One other use, very specialized but badly needed, is a step in the design of lithography masks for integrated circuits production. I believe it's the splitting of patterns into rectangles - sorry it's old story for me. It was a two-weeks task on the biggest computers 20 years ago, and still is today, because computers evolve as slowly as chips do. Costly, and wastes two weeks (often several times) in the time to market, so if you find a good implementation on a many-Gpu machine, the few users will be very interested and angry to interface your implementation in their programme.

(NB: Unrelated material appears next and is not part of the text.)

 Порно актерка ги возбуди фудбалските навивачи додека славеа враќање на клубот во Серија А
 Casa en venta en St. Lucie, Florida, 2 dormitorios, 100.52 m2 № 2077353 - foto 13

Edited by Enthalpy, 16 September 2012 - 01:51 PM.

  • 0

#3 karthika

karthika

    Lepton

  • Members
  • 5 posts

Posted 17 September 2012 - 03:36 PM

I am satisfied with your reply...can you suggest more..
  • 0

#4 Enthalpy

Enthalpy

    Primate

  • Senior Members
  • 2,246 posts

Posted 18 September 2012 - 10:59 PM

Not so easy, because programmes benefit more from subtle algorithms than from computing speed, and subtle algorithms tend to run horribly on a Gpu...

But on such a parallel machine (a Gpu) you could try to implement
  • An inference engine
  • A Prolog interpret (if this is still any fashionable)
as both exhibit a regular uniform parallelism accessible to the machine. It could be less banal than image processing or finite elements.
Though, I don't know Cuda enough to tell if it's the right layer for such a purpose. Maybe you need first your own layer, different from Cuda.

==================================

You might have a look at error-correcting codes (ECC). A Gpu helps a lot decoding them, but... Codes are full of maths. Not complicated for a mathematician :rolleyes:: Galois fields and statistics. Telecom engineers achieve to understand them (...more or less :P); with a software background, you would need to have studied this particular math or have a real passion and ease for it.
http://en.wikipedia....correcting_code

You should first check what is already done on Gpu, because ECC specialists program Digital Signal Processors and are easy with software.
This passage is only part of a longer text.